Breakingviews

U.S. Companies Need To Get Real About Pensions Too

AT&T cut its expected returns from 8.25 percent to 7.75 percent, a still unrealistic hurdle in a zero-return world

Photo by Darren Carroll/Getty Images

Corporate America ought to get real about pensions, too. As lawmakers wrestle over how to fix the nation’s ailing retirement plans, AT&T and Verizon took a whopping $17.2 billion of charges related to theirs in the fourth quarter. Return expectations remain too rosy and deficits are rising. The private sector isn’t leading the way on this issue.

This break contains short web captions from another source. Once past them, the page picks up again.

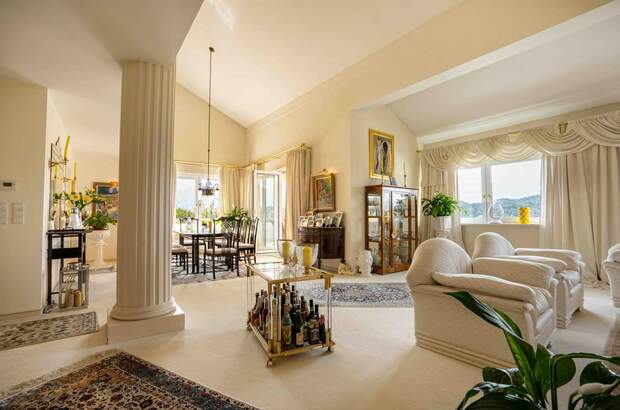 Terrassenwohnung kaufen in 9020 Klagenfurt (Bild 2)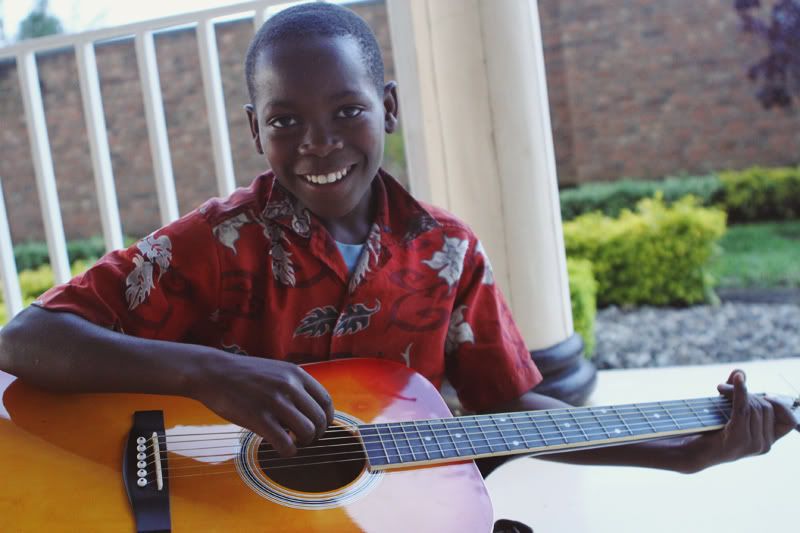 guitar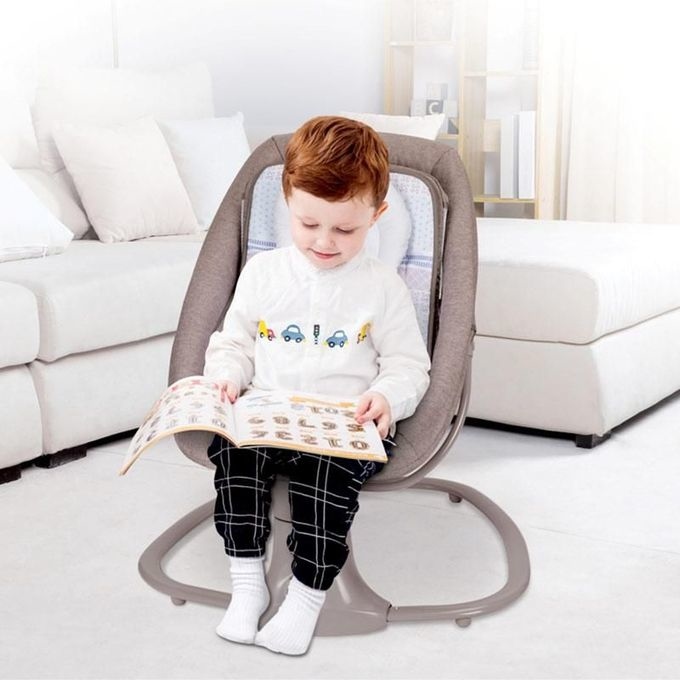 كرسي ماستيلا 3 في 1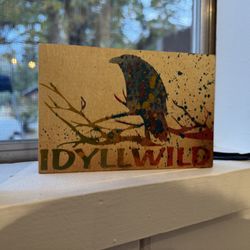 Dytch66 Gallery - We carry Idyllwild artist merchandise!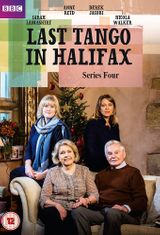 Key visual of Last Tango in Halifax 4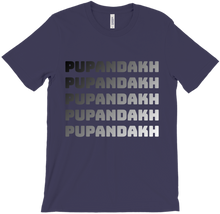 pupandakh T-Shirts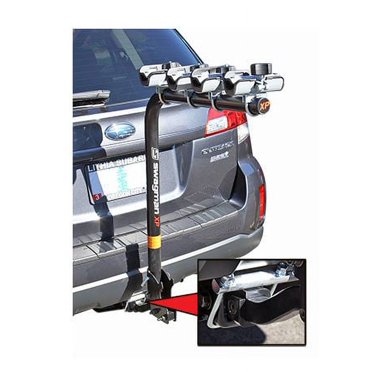 Roadmaster 062 Quiet Hitch Anti-Rattle & Sway Control For 2.5" Receivers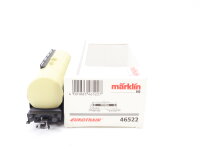 Märklin H0 46522 Güterwagen Kesselwagen "Minera" 547 786 DB / NEM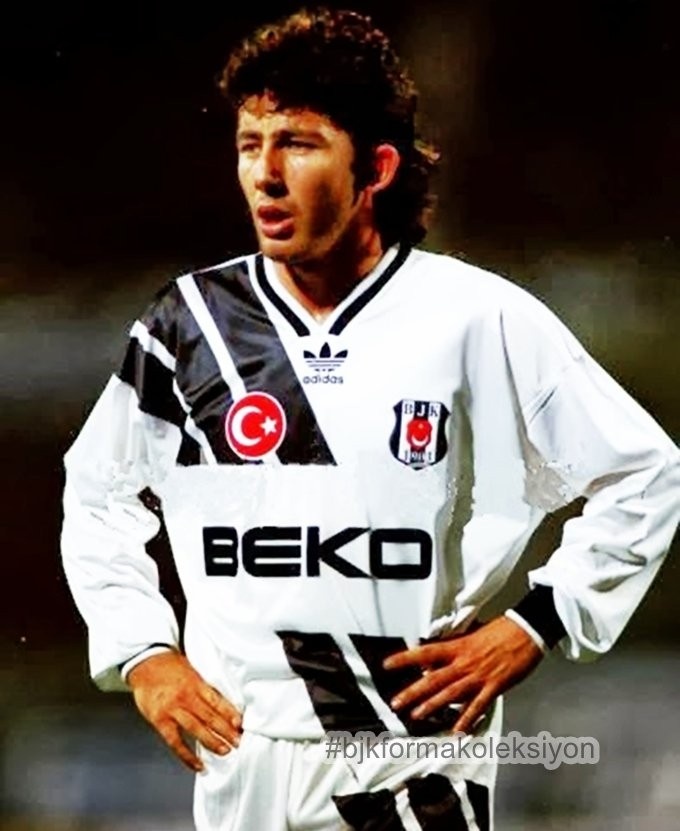 Beşiktaş 93-94 Local 4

The two telecom giants are among the leaders in companies saddled with pressured defined benefit plans. Four years of ultra-low interest rates have forced them to use a lower discount rate when calculating the net present value of long-term retirement obligations. That creates ever-bigger holes. The largest 100 U.S. pension funds were short by over $400 billion in 2012, up a fifth from the year before and the largest year-end gap since consulting firm Milliman started keeping track in 2000.

It’s tempting to shrug off such red ink as a temporary problem. Once the Federal Reserve tightens monetary policy, as it eventually must, the gaps should shrink. Such thinking informed a law passed last year allowing companies to contribute potentially $45 billion less to their funds this year than they otherwise would have, according to estimates by Credit Suisse. General Electric, for example, said it would inject only $500 million into its pension plan for 2012 and 2013 instead of the $3 billion originally intended.

The wait-it-out approach is hardly an exemplary model. For one, the Fed squeeze could last for years. If companies keep contributing less, their pension assets will need to earn more. Forecasts are already unrealistic. Some are recalibrating, but only at the margins. AT&T cut its expected returns from 8.25 percent to 7.75 percent, a still unrealistic hurdle in a zero-return world. It could spur an unhealthy use of leverage to supercharge returns on low-yielding fixed-income securities or an allocation of too much capital to riskier investments.

Plugging pension holes would be a better use of cash than allowing it to languish on balance sheets. Such contributions are also tax deductible. Voters may be resigned to politicians evading tough decisions on paying for future liabilities. Investors, however, can expect more from chief executives and boards of directors.